The difference in keyword density is massive. Every tool name, every methodology, every metric — these are searchable terms that LinkedIn's algorithm uses to match you to recruiter searches.

LinkedIn work experience comparison showing weak responsibilities-based bullets versus strong achievement-based CAR format bullets

Section 5 — Skills (Up to 50)

LinkedIn allows up to 50 skills. Profiles with at least one skill get up to 2x more views[5]. Profiles with 5+ endorsements per key skill rank higher in search results[6].

Skills optimization strategy:

Your top 3 skills appear most prominently on your profile — choose the 3 that are most critical to your target roles. These are the ones recruiters will see first before they expand the full list.

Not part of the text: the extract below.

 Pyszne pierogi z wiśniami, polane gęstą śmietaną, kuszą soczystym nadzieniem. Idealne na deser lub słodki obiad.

Add skills in this order of priority: hard skills and tools first (Python, SQL, Salesforce, Workday), then certifications (AWS, SHRM-CP, PMP), then methodologies (Agile, Six Sigma), then soft skills last if at all.

Endorsed skills carry significantly more weight. After updating your skills, message 3–5 colleagues and ask for endorsements on your top skills. Offer to endorse theirs in return.

Include both the full term and abbreviation: "Search Engine Optimization" AND "SEO" — LinkedIn searches on both separately. Same for "Human Resources" / "HR," "Project Management Professional" / "PMP," and similar pairs.

Section 6 — Featured Section (Your Portfolio)

The Featured section sits prominently near the top of your profile and is one of the most underused sections on LinkedIn. Use it as a mini-portfolio that gives recruiters immediate evidence of your work.

What to feature by role type:

  • Software Engineer: GitHub profile, deployed projects, technical blog posts
  • Marketing: Campaign case studies, analytics dashboard screenshots, published articles
  • Data Scientist: Kaggle profile, published notebooks, project writeups
  • Designer: Portfolio link, Behance or Dribbble profile, case studies
  • HR / Operations: Published thought leadership, process improvement case studies
  • Any role: Your resume (link to ResumeBold or a PDF download link)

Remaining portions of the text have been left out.